Jul 03 2007
Data Center

Bracing for the Unknown

State and local governments approach disaster recovery planning as a work in progress.

State and local government officials are free to choose when to develop their disaster recovery plans, but Mother Nature decides when they’ll need to do disaster recovery. Paul Tumminello, information security officer in the judicial administrator’s office at the Louisiana Supreme Court, experienced firsthand the wrath of Mother Nature.

“[Hurricane] Katrina hit about one year too early for us,” he says. Emergency preparedness had been a court priority and a disaster recovery plan was in the works, but not fully in place to handle the unprecedented natural disaster that unexpectedly hit the Gulf Coast in August 2005.

All things considered, Tumminello’s office fared pretty well compared with other information technology shops in the area. It was back online within a week. But it’s not a week that Tumminello would ever want to relive.

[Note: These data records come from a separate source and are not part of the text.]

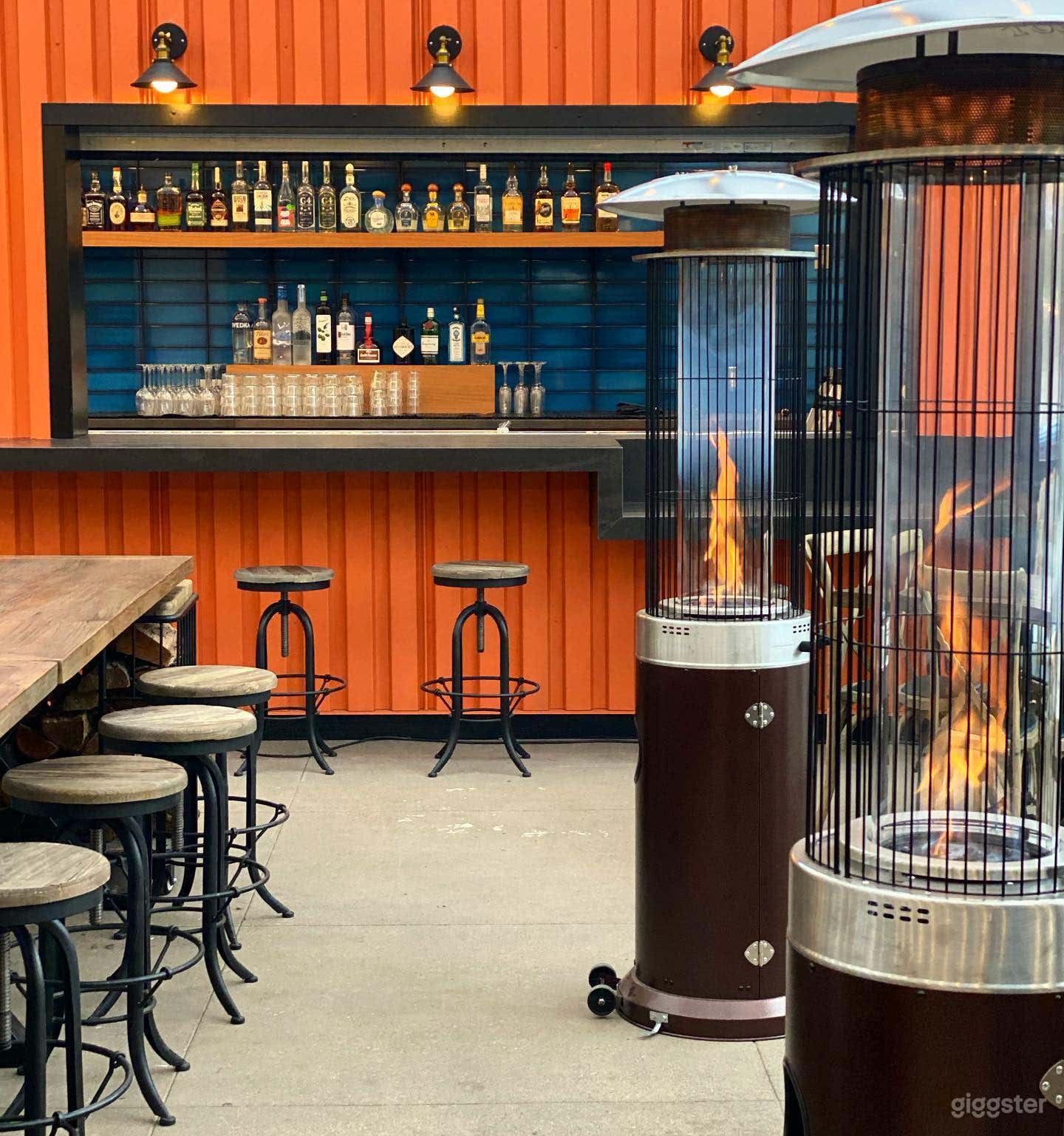 Cozy and inviting outdoor patio with a bar. Heated by fire pits, and wall-sized windows open up for circulation. String lights for ambience. Large communal tables and booth-style seating, and traditional table seating.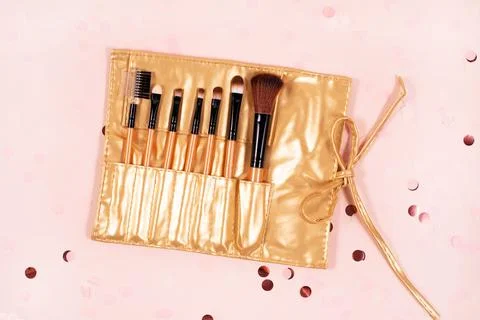 Set of makeup brushes in a gold case on festive pink background. Stock Photos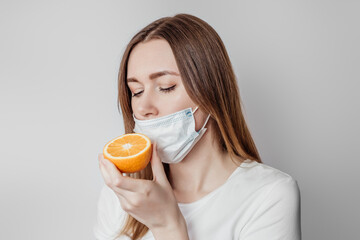 Loss of smell concept. Caucasian young woman in a medical mask sniffing an orange on a white background in the studio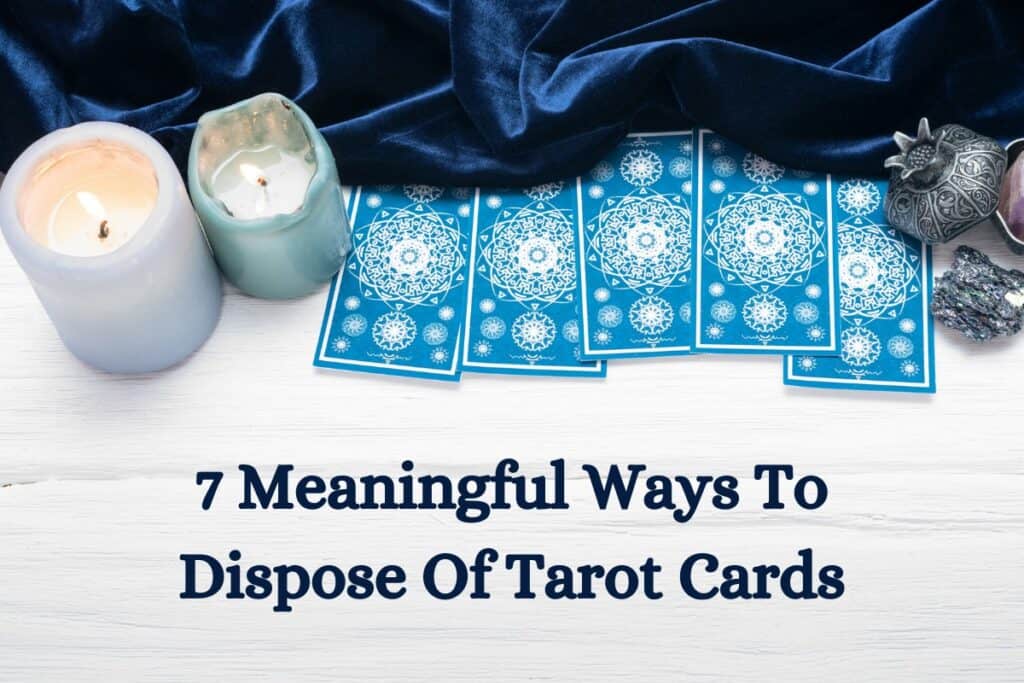 A piece of blue velvet, two burning candles, a pyrite and blue Tarot cards over white wooden table with caption "7 meaningful ways to dispose of tarot cards"
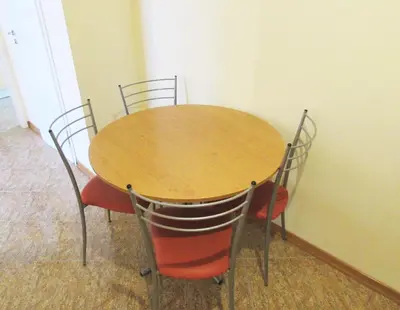 a wooden table and chairs in a room at Asen 36 Apartment in Sofia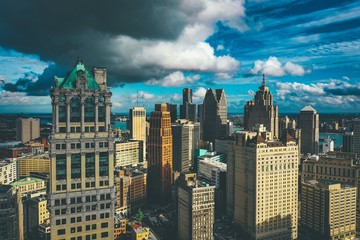 Cityscape of Detroit under the sunlight and a dark cloudy sky at daytime in Michigan in the US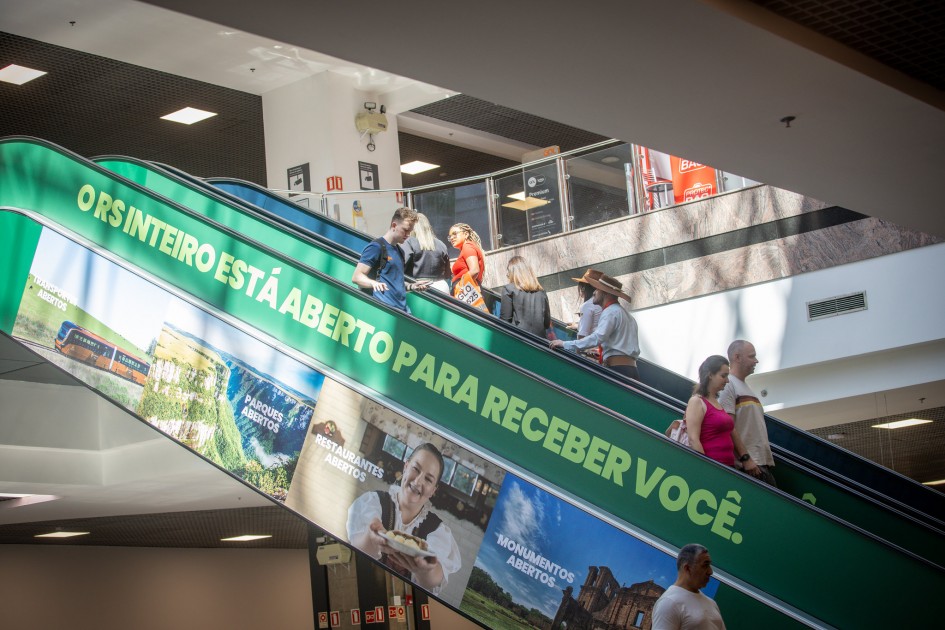 Imagem de uma escada rolante adesivada com elementos da campanha do turismo do governo do Estado.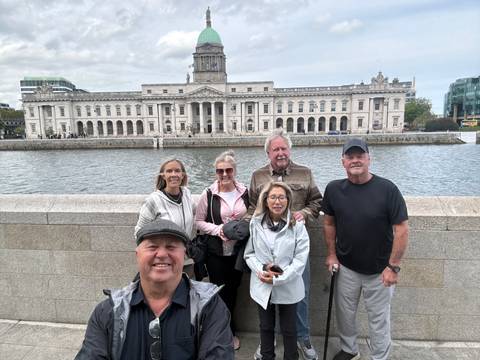       Tour group standing on a bridge with Dublin's Custom House and River Liffey in the background.
  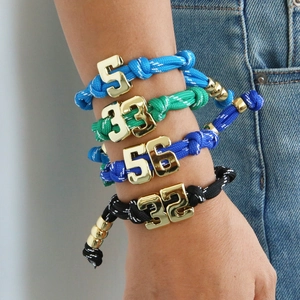 Colorful paracord woven bracelets with gold lucky numbers for team jersey styles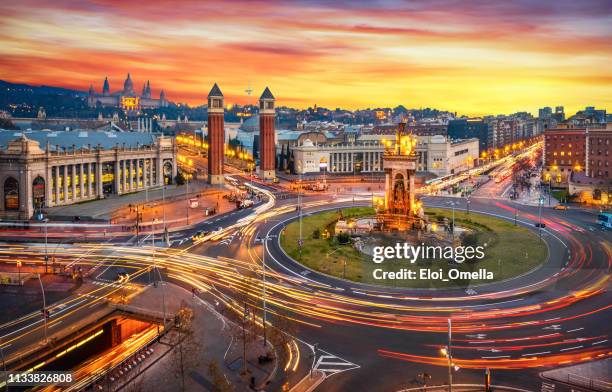 plaça d'espanya (plaza de españa - spain square) long exposure at sunset in barcelona - barcelona spain stock pictures, royalty-free photos & images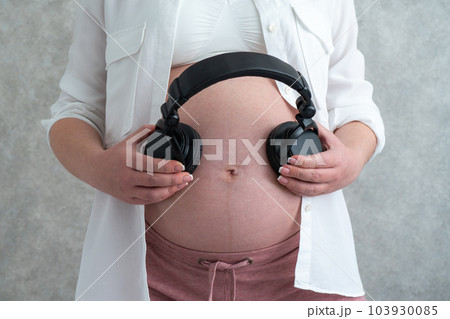 Unrecognizable Pregnant Woman Holding Wireless Headphones Near Belly,  Playing Music To Baby Stock Photo by Prostock-studio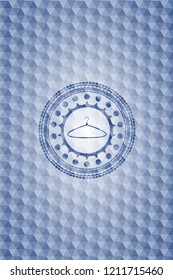 hanger icon inside blue emblem or badge with abstract geometric pattern background.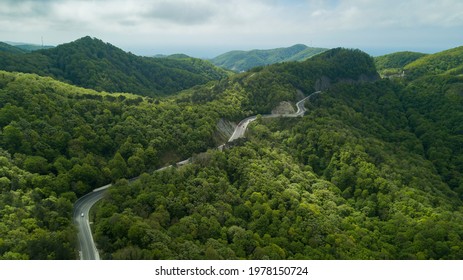 Mountain winding zig zag road. Top aerial view: cars driving on road from above. - Powered by Shutterstock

Three days after the storm, he was able to make his way to the Baton Rouge satellite office, where management had begun making recovery plans. One big problem was communications. Telephone landlines were down and cell phone service was spotty. As communications were practically nonexistent, Tumminello says, “All kinds of rumors were flying around, so we really didn’t know what we were in for.”

Finally, he was able to get in touch with a key team member, Robert Leali, who had experience with disaster planning from a previous position in the Florida Keys. Leali contacted the organization’s Internet service provider in Baton Rouge and arranged for colocation facilities to house the court’s physical hardware. The ISP also provided Internet connectivity to other recovery locations.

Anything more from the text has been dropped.